**Supplied entries:**

◇ ◇ ◇

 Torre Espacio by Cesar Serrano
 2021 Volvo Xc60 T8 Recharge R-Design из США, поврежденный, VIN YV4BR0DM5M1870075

◇ ◇ ◇

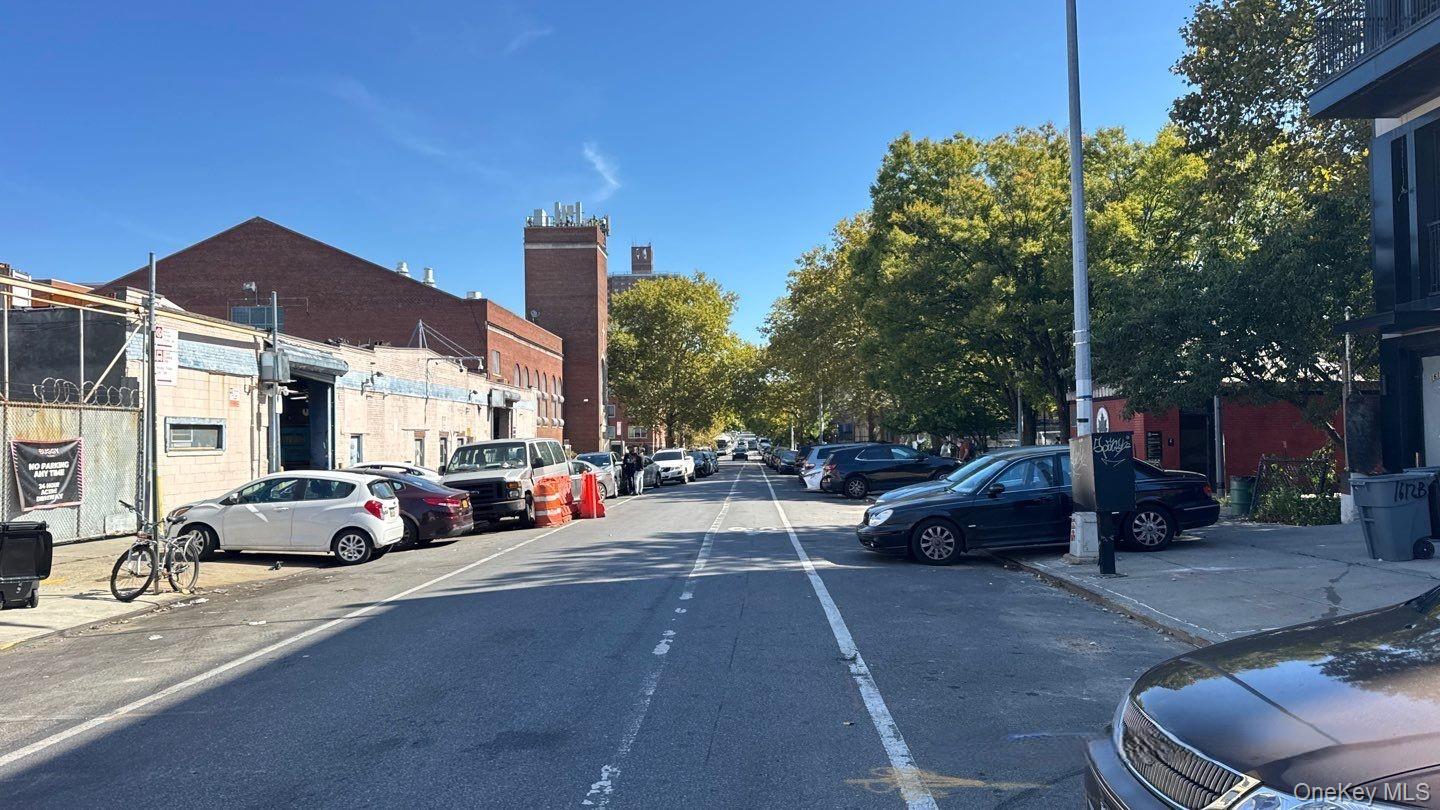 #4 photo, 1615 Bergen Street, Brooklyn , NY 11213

◇ ◇ ◇

Among the entries above, the lines between the ones containing "Torre Espacio by Cesar Serrano" and "2021 Volvo Xc60", inclusive, are to be transcribed exactly. No other line is to be given.

 Torre Espacio by Cesar Serrano
 2021 Volvo Xc60 T8 Recharge R-Design из США, поврежденный, VIN YV4BR0DM5M1870075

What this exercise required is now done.